10. Two deeper crimson spots with white centres animate the colour of the lower petals in our mountain kind–mountain or morass;—it is vilely drawn in S. 997 under the name of Sylvatica, translated 'Procumbent'! As it is neither a wood flower nor a procumbent one,33 and as its rosy colour is rare among morass flowers, I shall call it simply Monacha Rosea.

I have not the smallest notion of the meaning of the following sentence in S.:—"Upper lip of corolla not rostrate, with the margin on each side furnished with a triangular tooth immediately below the apex, but without any tooth below the middle." Why, or when, a lip is rostrate, or has any 'tooth below the middle,' I do not know; but the upper petal of the corolla is here a very close gathered hood, with the style emergent downwards, and the stamens all hidden and close set within.

In this action of the upper petal, and curve of the style, the flower resembles the Labiates,34 and is the proper link between them and the Draconidæ. The capsule is said by S. to be oval-ovoid. As eggs always are oval, I don't feel farther informed by the epithet. The capsule and seed both are of entirely indescribable shapes, with any number of sides—very foxglove-like, and inordinately large. The seeds of the entire family are 'ovoid-subtrigonous.'—S.

 

11. I find only two species given as British by S., namely, Sylvatica and Palustris; but I take first for the Regina, the beautiful Arctic species D. 1105, Flora Suecica, 555. Rose-coloured in the stem, pale pink in the flowers (corollæ pallide incarnatæ), the calices furry against the cold, whence the present ugly name, Hirsuta. Only on the highest crests of the Lapland Alps.

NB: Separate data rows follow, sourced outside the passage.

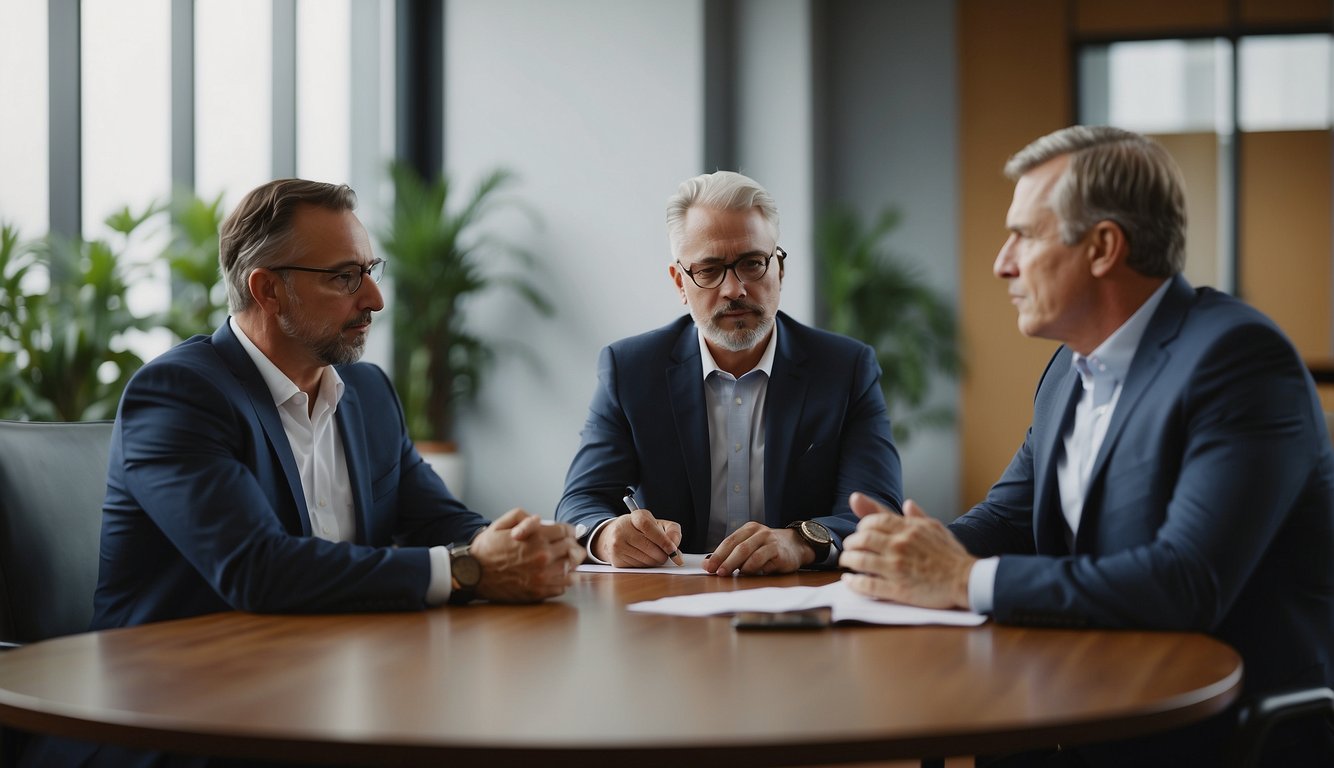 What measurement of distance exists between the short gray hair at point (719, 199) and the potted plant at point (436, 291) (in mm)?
3356

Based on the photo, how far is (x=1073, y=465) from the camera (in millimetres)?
2014

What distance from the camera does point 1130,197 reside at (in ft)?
6.13

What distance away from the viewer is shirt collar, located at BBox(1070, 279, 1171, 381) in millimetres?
1896

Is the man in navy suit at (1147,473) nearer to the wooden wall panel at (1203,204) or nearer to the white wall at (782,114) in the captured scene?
the white wall at (782,114)

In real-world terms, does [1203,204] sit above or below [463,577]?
above

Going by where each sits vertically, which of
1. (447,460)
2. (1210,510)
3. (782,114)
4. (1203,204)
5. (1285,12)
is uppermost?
(1285,12)

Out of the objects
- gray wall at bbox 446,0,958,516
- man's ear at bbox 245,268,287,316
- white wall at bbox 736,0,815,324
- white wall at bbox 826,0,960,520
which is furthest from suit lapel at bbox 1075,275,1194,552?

(2) Rosea, D. 225, there called Sylvatica, as by S., presumably because "in pascuis subhumidis non raræ." Beautifully drawn, but, as I have described it, vigorously erect, and with no decumbency whatever in any part of it. Root branched, and enormous in proportion to plant, and I fancy therefore must be good for something if one knew it. But Gerarde, who calls the plant Red Rattle, (it having indeed much in common with the Yellow Rattle), says, "It groweth in moist and moorish meadows; the herbe is not only unprofitable, but likewise hurtful, and an infirmity of the meadows."

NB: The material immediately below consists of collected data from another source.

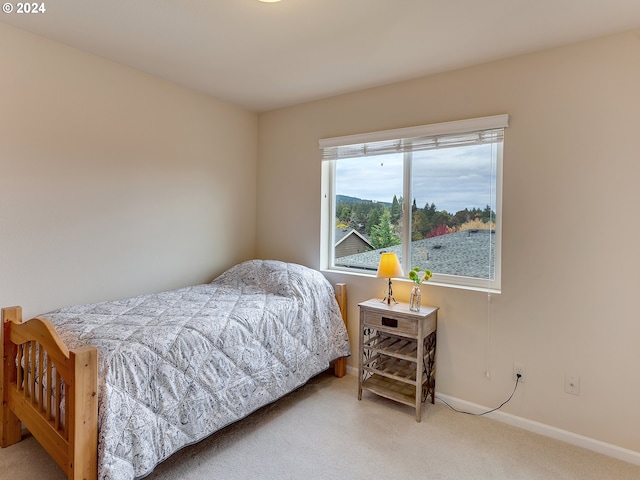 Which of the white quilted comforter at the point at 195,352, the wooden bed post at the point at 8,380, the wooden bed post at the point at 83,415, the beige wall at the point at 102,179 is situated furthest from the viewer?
the beige wall at the point at 102,179

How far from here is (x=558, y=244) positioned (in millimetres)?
2184

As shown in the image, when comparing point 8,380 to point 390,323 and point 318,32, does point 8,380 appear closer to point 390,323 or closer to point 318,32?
point 390,323

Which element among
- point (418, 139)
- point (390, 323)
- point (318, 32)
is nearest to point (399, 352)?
point (390, 323)

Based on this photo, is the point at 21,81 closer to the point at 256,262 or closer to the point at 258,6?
the point at 258,6

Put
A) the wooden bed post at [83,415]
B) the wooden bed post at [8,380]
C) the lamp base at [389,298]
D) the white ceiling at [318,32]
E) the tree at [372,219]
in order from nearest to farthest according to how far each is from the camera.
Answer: the wooden bed post at [83,415]
the white ceiling at [318,32]
the wooden bed post at [8,380]
the lamp base at [389,298]
the tree at [372,219]

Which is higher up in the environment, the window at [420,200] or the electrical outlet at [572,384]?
the window at [420,200]

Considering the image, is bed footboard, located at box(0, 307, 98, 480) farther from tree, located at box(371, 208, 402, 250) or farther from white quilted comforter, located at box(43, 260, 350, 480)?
tree, located at box(371, 208, 402, 250)

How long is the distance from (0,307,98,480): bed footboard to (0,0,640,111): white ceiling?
162cm

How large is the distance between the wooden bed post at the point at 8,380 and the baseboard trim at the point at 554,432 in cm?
265

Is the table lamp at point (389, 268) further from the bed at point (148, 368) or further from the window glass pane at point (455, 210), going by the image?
the bed at point (148, 368)

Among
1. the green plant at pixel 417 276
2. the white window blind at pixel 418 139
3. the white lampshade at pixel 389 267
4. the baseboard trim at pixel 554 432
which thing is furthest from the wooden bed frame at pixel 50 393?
the white window blind at pixel 418 139

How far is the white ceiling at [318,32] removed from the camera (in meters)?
1.80

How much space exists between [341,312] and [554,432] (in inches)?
62.6

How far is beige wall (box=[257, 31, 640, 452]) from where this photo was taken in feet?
6.57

(3) Palustris, D. 2055, S. 996—scarcely any likeness between the plates. "Everywhere in the meadows," according to D. I leave the English name, Marsh Monacha, much doubting its being more marshy than others.

12. I take next (4 and 5) two northern species, Lapponica, D. 2, and Grönlandica, D. 1166; the first yellow, the second red, both beautiful. The Lap one has its divided leaves almost united into one lovely spear-shaped, single leaf. The Greenland one has its red hood much prolonged in front.

(6) Ramosa, also a Greenland species; yellow, very delicate and beautiful. Three stems from one root, but may be more or fewer, I suppose.

13. (7) Norvegica, a beautifully clustered golden flower, with thick stem. D. 30, the only locality given being the Dovrefeldt. "Alpina" and "Flammea" are the synonyms, but I do not know it on the Alps, and it is no more flame-coloured than a cowslip.

Both the Lapland and Norwegian flowers are drawn with their stems wavy, though upright—a rare and pretty habit of growth.

14. (8) Suecica, D. 26, named awkwardly Sceptrum Carolinum, in honour of Charles XII. It is the largest of all the species drawn in D., and contrasts strikingly with (4) and (5) in the strict uprightness of its stem. The corolla is closed at the extremity, which is red; the body of the flower pale yellow. Grows in marshy and shady woods, near Upsal. Linn., Flora Suecica, 553.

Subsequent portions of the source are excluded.